--- The data Enclosed Below ---

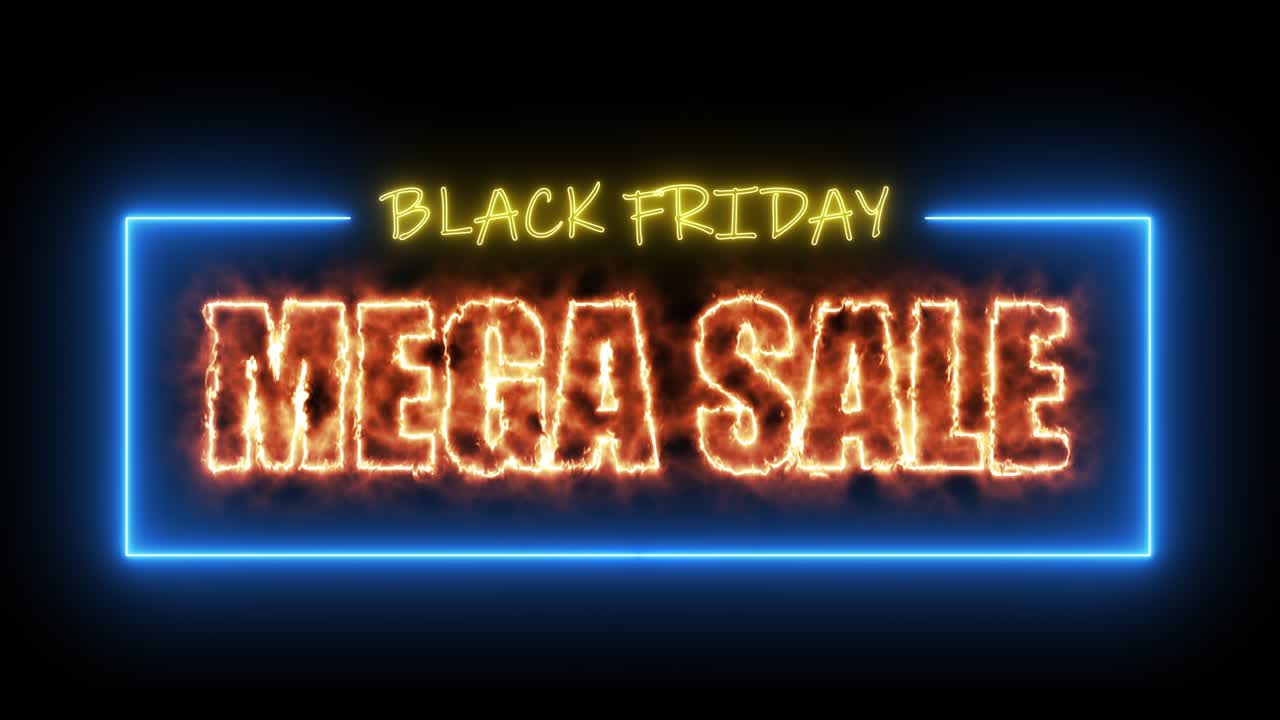 블랙 프라이데이 메가 세일 (black friday mega sale) - 블랙 프리데이 (black friday mega sale) 는 브랜드 판매를 촉진하기 위한 블랙 백그라운드의 다채로운 네온 표지판입니다.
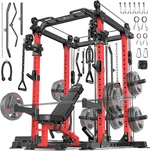 Power Cage with Cable Crossover System, Multi-Function Squat Rack Smith Machine for Home Gym, Power Rack and Packages Weight Sets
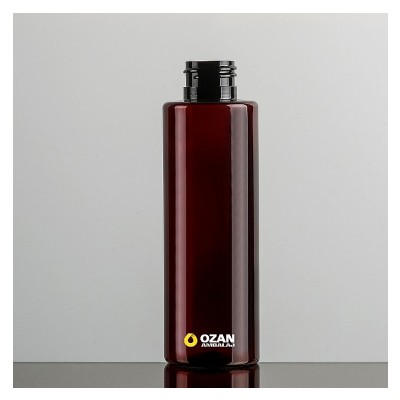   150 ml Amber Silindir K�t Plastik Pet �i�e Siyah Parmak Sprey ve Siyah Disctop Kapak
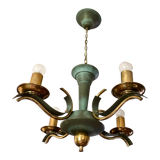 Lustre moderniste vert céladon et laiton massif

--- End of Enclosed The data ---

An exact copy of all the data above is required; omit any pictures.

 블랙 프라이데이 메가 세일 (black friday mega sale) - 블랙 프리데이 (black friday mega sale) 는 브랜드 판매를 촉진하기 위한 블랙 백그라운드의 다채로운 네온 표지판입니다.
 Power Cage with Cable Crossover System, Multi-Function Squat Rack Smith Machine for Home Gym, Power Rack and Packages Weight Sets
   150 ml Amber Silindir K�t Plastik Pet �i�e Siyah Parmak Sprey ve Siyah Disctop Kapak
 Lustre moderniste vert céladon et laiton massif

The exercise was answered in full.